混乱していると、タツミくんがクスッと笑って、
「あ、それ録音です。ちょっと試してて」
言いながら勇実と一緒にカウンターの席についた。
「イサミさん!タツミさん!ようこそっす!この前は出演させて貰って、チョー嬉しかったっす!」
キタガワが騒々しく話しかける。
「ふふ。キタガワくんの登場、リスナーさんもいい反応だったよ(笑)よかったらまた遊びにおいで」
「まじすか!行きます行きます。
あ、いや、にーさんのゲンコツが飛ぶんで、やめときます」
「当たり前だ、仕事しろっつーの!」
キタガワがあまりにもお花畑なんで、たまらず一喝した。
「ふふ。お久しぶりです。今まで顔出せなくて、ごめんなさい」
いっこしか違わないのに、相変わらず丁寧なヤツ。
「おー。
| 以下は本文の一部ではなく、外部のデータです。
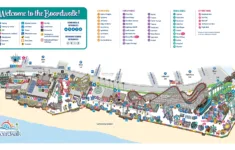 Santa Cruz Beach Boardwalk Map And Brochure (2025 - 2003 with Santa Cruz Beach Boardwalk Map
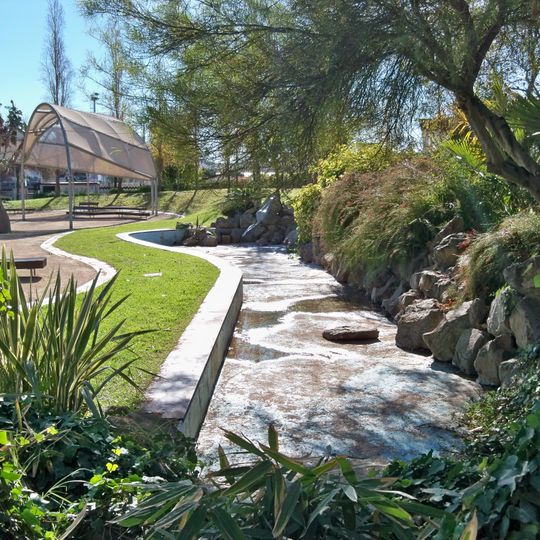 Fuente del parque de la Alegría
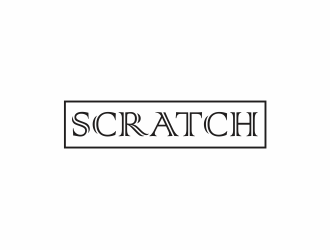 Scratch logo design by up2date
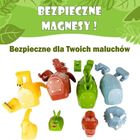 MalBlo, Magnetic, Dinozaury, zestaw figurek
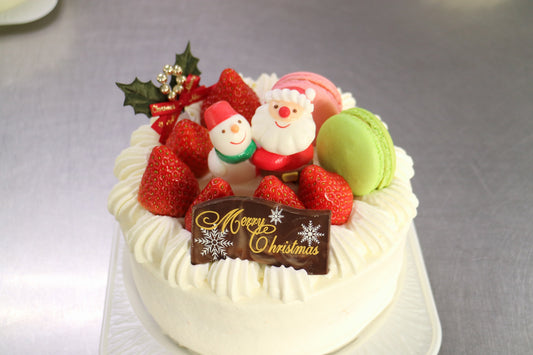 生クリームデコレーション　A-23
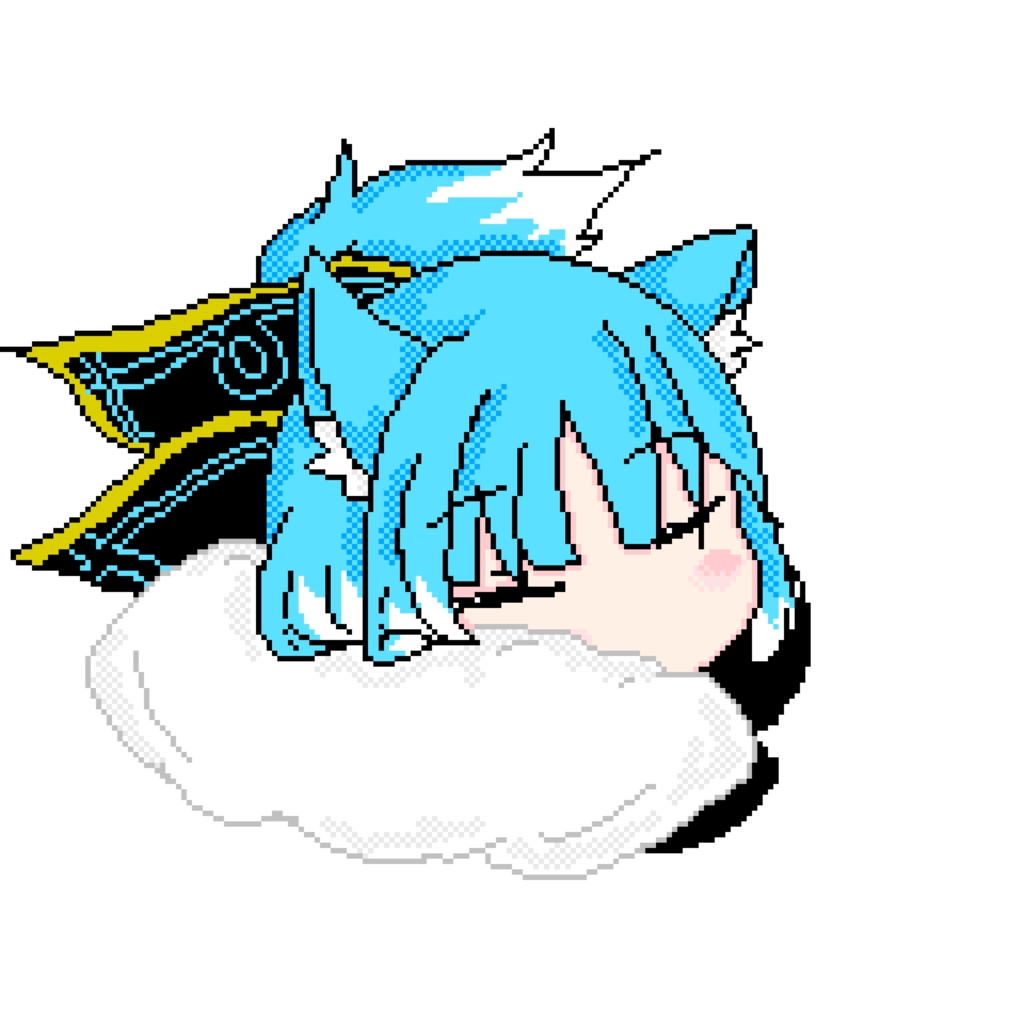 おやすみアサギちゃんアクキー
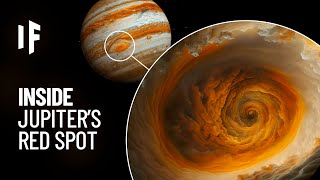 What If You Fell Into Jupiter’s Red Spot?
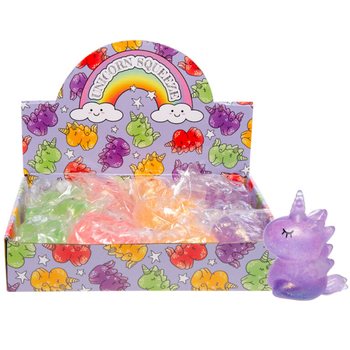 Squeeze Unicorn / Squishy in Display (12 pcs.)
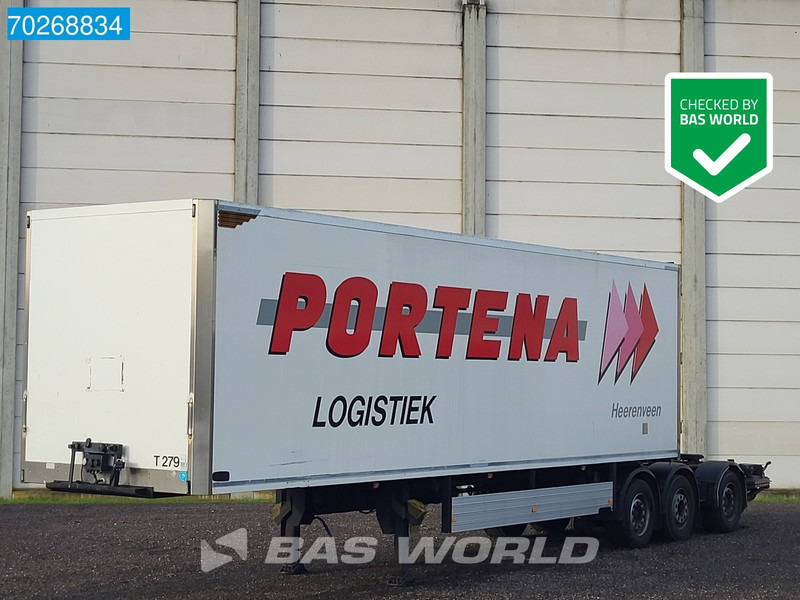 DRACO TSN- 339 3 axles NL-Trailer B-Double - Semirremolque caja cerrada: foto 1 DRACO TSN- 339 3 axles NL-Trailer B-Double - Semirremolque caja cerrada: foto 1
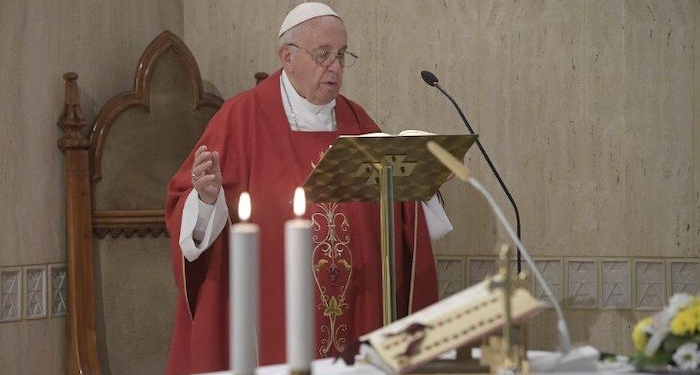 Paus Fransiskus: Jangan Jual Rahmat Tuhan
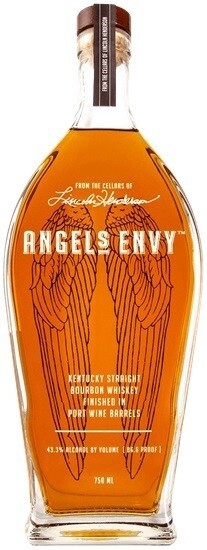 Angel&#39;s Envy Kentucky Straight Bourbon Whiskey (Small Format Bottle) 100ml
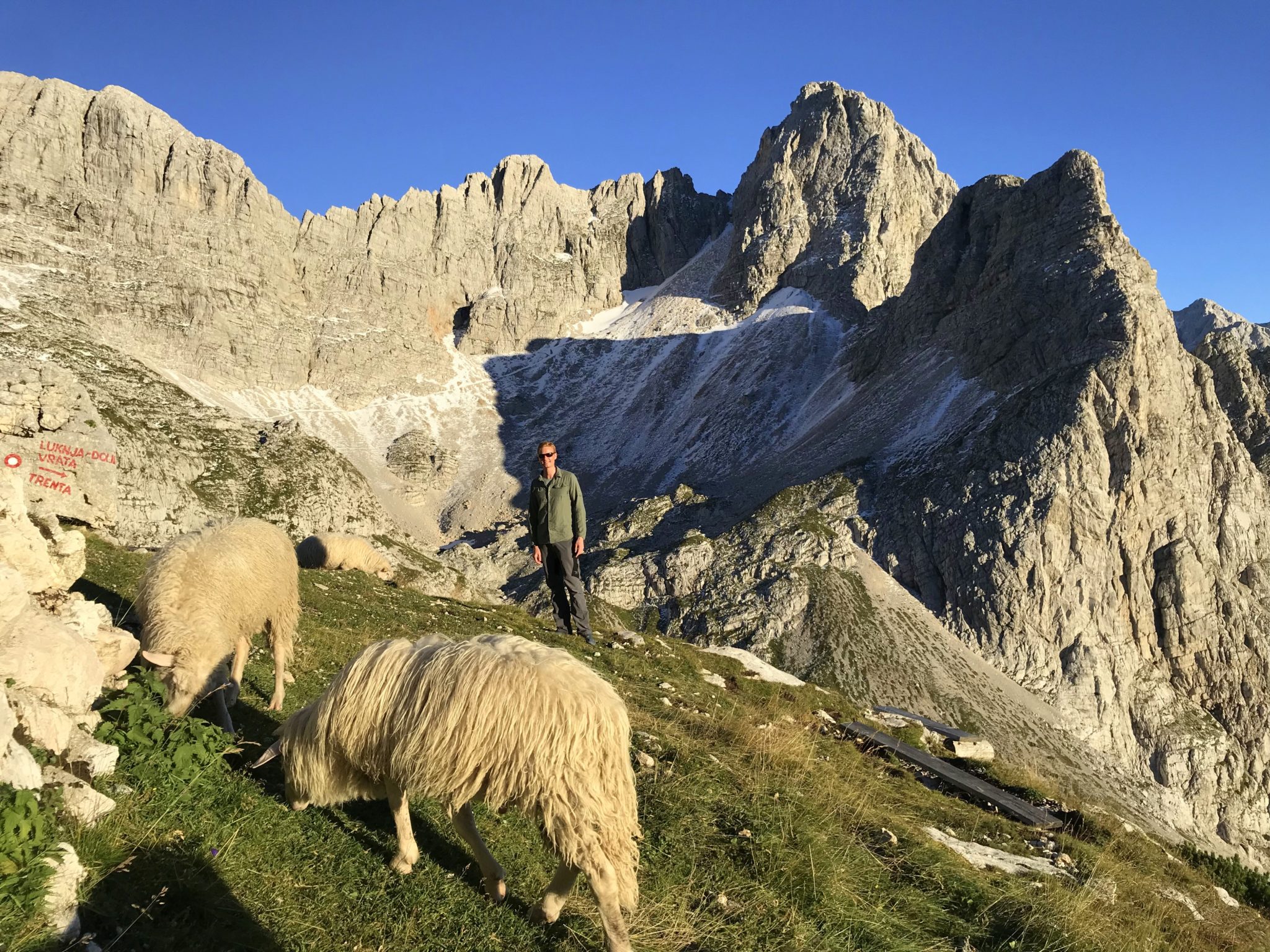 A calm afternoon in the mountains, Julian Alps, Slovenia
今更だけど、お帰りな。
忙しいんだろ?でも、勇実からしょっちゅう話は聞くし、ラジオも聴いてるし、久しぶりな感じは全然しねー(笑)」
「あはは。俺も、イッサにしょっちゅう聞いてるんで(笑)
味噌が変わったって聞いた時は、驚きましたけど」
「うん?ああ。ラジオで美味いって言ってくれて、サンキュな。
…前のヤツでなくて、ほんとにいい?」
戻す気はさらさら無いけど、でも、ファンでいてくれた彼を目の前にすると、そう聞かずにはいられない。
「もちろん。今日も味噌、ください。イッサもいいんでしょ?」
「うんー。あ、ハジメちゃん、ギョーザもつけてね」
キタガワと何か話していた勇実が、ぱっとこちらを振り返って言った。
この二人の、俺に対する空気も変わんねぇな。